After the Shea Stadium concert, Farner knew that he and the group, and their 20 full
time employees would be flying straight to the Orient. There they would be the first American
group ever to appear in Tokyo's World Series Baseball Stadium, on July 17th. Then they'd
head for Osaka's baseball stadium, appearing on the 18th, with an intermediate stop in Hono-
lulu on the 13th. And after that they would rush back to Connecticut where they would
make a solo appearance in the Yale Bowl's 100,000 seat stadium.

Mark Farner wasn't worried about playing these huge stadiums-after all, Grand Funk
had been born, exactly two years earlier, at the Atlanta Pop Festival before an audience of
125,000 people. So he had long since adjusted to the screaming thousands whom he could
never meet, the groupies, the encores, the ovations, and the incredible expense of energy that
goes into all of his frenzied performances. We knew that at Shea, and elsewhere, they
would scream with delight, as always, when he took off his shirt and went down on his knees.
And he knew they would yell out their favorite songs, so much at the same time that
he wouldn't be able to make out  what they were requesting. And he thought, that day in London
as he dreamed about Shea and all the other bigtime concerts, of how far he and Don and Mel
had come. They had gone from rags (or something not too far removed from it) to superriches in
such a short time. From $25-a-night gigs to young millionaire status. After all, it was just two short
years since their first concert! Oddly enough, and perhaps they themselves were surprised by this,
success had changed them so little in their private lives. They still had the same friends they'd had
before, plus many new ones. They still followed  the same sports, enjoyed the same foods,
dressed only a bit better than they had before. Luxuries they could do without, and mainly - they did.
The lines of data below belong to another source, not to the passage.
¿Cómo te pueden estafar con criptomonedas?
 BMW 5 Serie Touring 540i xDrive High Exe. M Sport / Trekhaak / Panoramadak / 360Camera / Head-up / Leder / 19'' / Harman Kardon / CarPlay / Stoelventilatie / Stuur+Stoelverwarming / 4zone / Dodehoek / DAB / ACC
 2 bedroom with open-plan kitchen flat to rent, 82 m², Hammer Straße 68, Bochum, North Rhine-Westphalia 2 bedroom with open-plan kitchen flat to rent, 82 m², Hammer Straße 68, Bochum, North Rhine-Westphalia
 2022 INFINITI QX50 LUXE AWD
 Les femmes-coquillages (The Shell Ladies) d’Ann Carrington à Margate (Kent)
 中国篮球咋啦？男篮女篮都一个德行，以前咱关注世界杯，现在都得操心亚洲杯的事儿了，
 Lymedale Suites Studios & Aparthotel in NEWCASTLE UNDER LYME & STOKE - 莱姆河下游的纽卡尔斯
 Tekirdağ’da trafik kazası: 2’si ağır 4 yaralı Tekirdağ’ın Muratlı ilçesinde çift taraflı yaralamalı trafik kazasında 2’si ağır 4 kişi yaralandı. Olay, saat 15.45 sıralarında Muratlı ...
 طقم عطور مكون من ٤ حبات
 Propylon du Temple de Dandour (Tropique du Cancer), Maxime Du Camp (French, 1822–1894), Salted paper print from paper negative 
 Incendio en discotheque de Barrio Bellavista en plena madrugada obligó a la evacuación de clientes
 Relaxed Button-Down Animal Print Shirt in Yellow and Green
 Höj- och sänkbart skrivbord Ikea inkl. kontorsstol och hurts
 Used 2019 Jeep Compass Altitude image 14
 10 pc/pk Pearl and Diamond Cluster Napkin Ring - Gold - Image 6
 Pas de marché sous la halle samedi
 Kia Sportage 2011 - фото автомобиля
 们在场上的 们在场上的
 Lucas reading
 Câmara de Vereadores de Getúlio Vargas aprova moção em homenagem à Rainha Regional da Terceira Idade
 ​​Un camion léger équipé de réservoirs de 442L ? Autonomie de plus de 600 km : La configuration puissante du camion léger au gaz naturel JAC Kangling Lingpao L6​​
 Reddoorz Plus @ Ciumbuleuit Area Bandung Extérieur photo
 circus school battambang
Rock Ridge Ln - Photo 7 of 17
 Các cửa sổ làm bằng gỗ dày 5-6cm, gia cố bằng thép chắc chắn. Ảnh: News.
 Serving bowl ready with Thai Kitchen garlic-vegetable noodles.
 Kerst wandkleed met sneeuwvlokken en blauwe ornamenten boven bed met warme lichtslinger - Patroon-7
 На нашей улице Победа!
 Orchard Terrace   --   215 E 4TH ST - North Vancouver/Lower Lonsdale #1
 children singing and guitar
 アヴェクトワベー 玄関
Their new-found wealth, though, did cause one change in them. A very positive change.
It made them acutely aware of their fellow man. It made them conscious of what they could do,
and now have every intention of doing, to make the world a better place for all mankind.
Now they are undisputedly the Kings of The Rock Pile-and their most concerned thoughts ;
are about others. Indeed, Mark thought, what a great journey it had been in such a short time.
He said in an interview once: "It's like all I the hard times we've had in the past were worthwhile
finally. There was a time not long ago when I thought that life was a bummer."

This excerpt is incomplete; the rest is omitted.